The mitral valve was replaced by 25 mechanic mitral valve (Sorin, Biomedica Cardio, Saluggia, Italia) and quadruplet CABG operation was performed by routine surgical procedure (cross-clamp time 124 min, cardio-pulmonary bypass time 288 min). After removal cross clamps, inotropic support with 5-10 µgkg ^-1 dobutamine and dopamine was initiated as inotropic support to the patient undergoing cardiopulmonary bypass. Cardiac pacemaker was implanted to the patient with a cardiac rhythm as A-V block, heart rate 32 beats.min ^-1 . Anastomoses were performed under cardiopulmonary bypass. Intra-aortic balloon pump was administered to the patient failing hemodynamic improvement (heart rate 125 beats.min ^-1 , systolic artery pressure 40 mmHg, PAP 45 mmHg). The patient was weaned off the cardiopulmonary bypass about 30 minutes after this treatment support but hypotension and bradycardia developed within 10 minutes and the patient underwent the cardiopulmonary bypass again. Despite this supportive treatment we added adrenaline infusion at 0.3 µg.kg ^-1 .min as a next step. Despite this supportive treatment, the patient failed to be achieve adequate hemodynamic stability to wean from cardiopulmonary bypass (heart rate 115 beats.min ^-1 , systolic artery pressure 50 mmHg, PAP 25 mmHg). Levosimendan was administered as a loading dose of 12 µg.kg ^-1 and as a continuous infusion of 0.1 µg.kg ^-1 .min 10 minutes later. The patient was weaned off the cardiopulmonary bypass 40 minutes after the start of levosimendan treatment and remained stable until the end of surgery. Levosimendan infusion was maintained for 24 hours postoperatively. Acute renal failure developed on the second day postoperatively in the ICU and hemofiltration procedure was performed. The patient was died of multiorgan failure after 13 days postoperatively.

Discussion

Difficulty of weaning off the cardiopulmonary bypass due to postcardiotomy heart failure is a serious problem in cardiac surgeries (₃,₄,₅). In heart surgery, it was found that inotropic drugs were needed in 71 to 100% of cases with ejection fraction (EF) less than 46% in order to be weaned off the cardiopulmonary bypass (₆). In addition to pharmacotherapy, the use of intra-aortic balloon pump, and delayed sternum closure is suggested in some studies to support circulation (₇).

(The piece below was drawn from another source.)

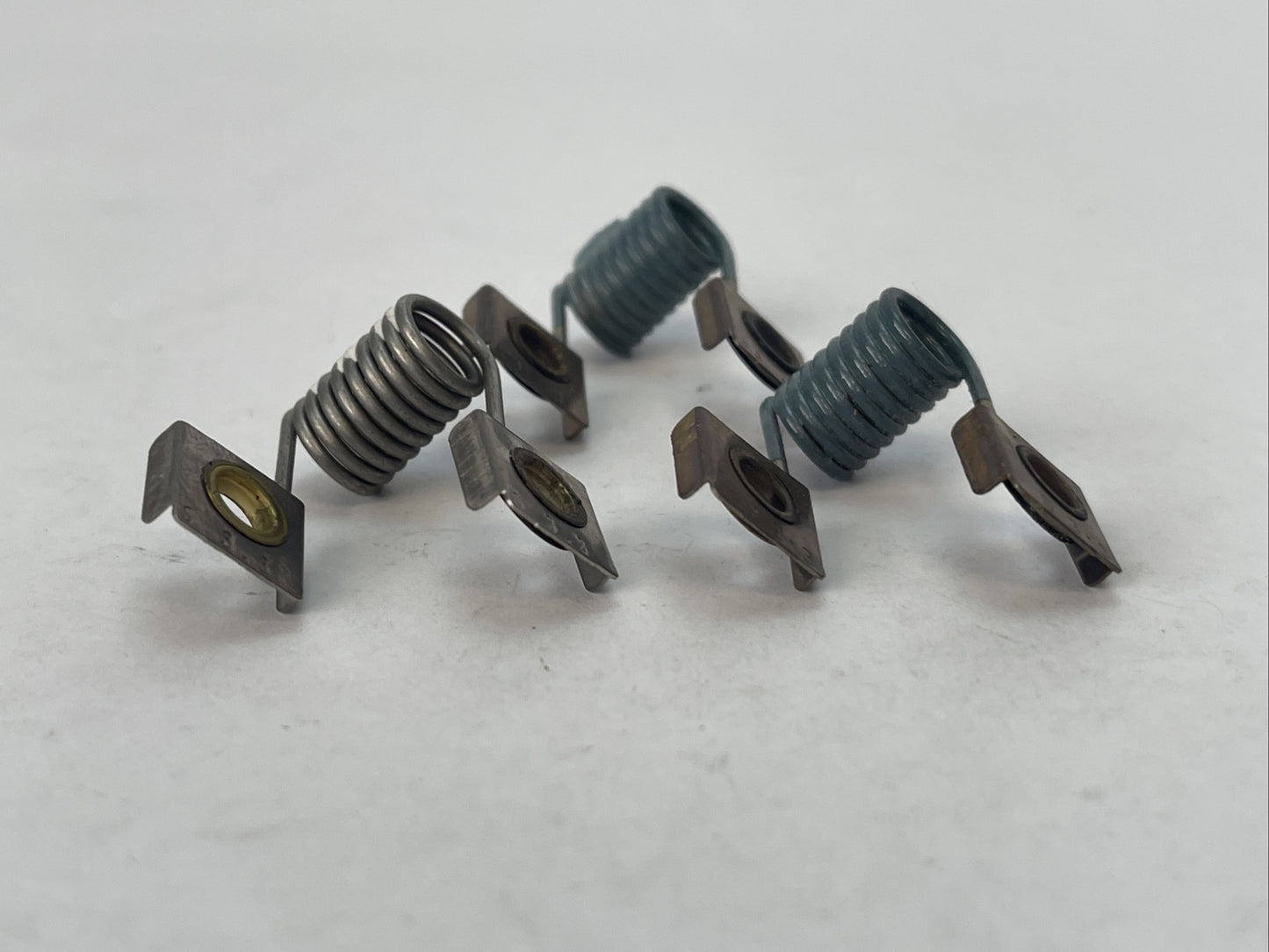 CLARK / SYLVANIA S3.3 HEATER (LOT OF 3)2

Both β-adrenergic agonists and phosphodiesterase inhibitors increase intracellular cyclic adenosine monophosphate, either via an increase in production (β-adrenergic agonists) or by inhibiting degradation (phosphodiesterase inhibitors). The available data on use of dopamine, dobutamine, and dopexamine in the postcardiac surgery period show that they produce an increase in cardiac output. However, there is an increase in myocardial oxygen requirement and an increased risk for postoperative myocardial infarction (₈,₉,₁₀). Despite the dopamine, dobutamine and adrenalin support, failure in weaning off CPB led to the usage of intraaortic baloon pump in both two cases with low ejection fraction. In these cases, we couldn't use noradrenaline and milrinon because we didn't have these drugs so we had to use levosimendan although it's expensive and restricted.

Levosimendan is a novel inotropic agent having a different pharmacological profile. It provides good cardiac performance without causing an increased myocardial oxygen demand or any change in myocardial metabolism (₁₁).

Levosimendan is a promising new calcium sensitizer that mproves hemodynamics in patients with acute heart failure. Its inotropic effect is mediated by calcium concentration-dependent stabilization of conformational changes in troponin C during systole, causingsensitization of the contractile apparatus to calcium ions; its vasodilator effect is linked to the activation of ATP-dependent potassium channels. Anti-ischemic properties can also be attributed to the latter mechanism. Hence, levosimendan enhances cardiac performance without advers effects on diastolic function. Levosimendan also reduces preload and afterload while improving both coronary blood flow and cariac function in stunned myocardium (₂, ₁₂)

It is known that levosimendan infusion after cardiac surgery provides improvement in hemodynamic parameters by increasing left ventricular functions and is effective in patients having difficulty to wean of from cardiopulmonary bypass (₁₃). In multicenter RUSSLAN study (₁₄), in patients with heart dysfunction due to myocardial infarction, three different levosimendan doses were compared with placebo; Levosimendan doses administered to the patients were as follows: 24 µgkg ^-1 bolus infusion followed by 0.4 µg.kg ^-1 infusion; 24 µg.kg ^-1 bolus infusion followed by 0.2 µg.kg ^-1 infusion; 12 µgkg ^-1 bolus infusion followed by 0.2 µg.kg ^-1 infusion; 6 µgkg ^-1 bolus infusion followed by 0.1 µg.kg ^-1 infusion. In high dose levosimendan (24 µg.kg ^-1 bolus infusion followed by 0.4 µg.kg.dk ^-1 infusion) group the incidence of hypotension and ischemia was found to be increased compared to other groups. Nevertheless, it was determined that dose-response relationship was not significant and levosimendan was well tolerated in acute myocardial infarction. The results of these dose-dependent study showed the relatively wide therapeutic index of levosimendan (₁₄).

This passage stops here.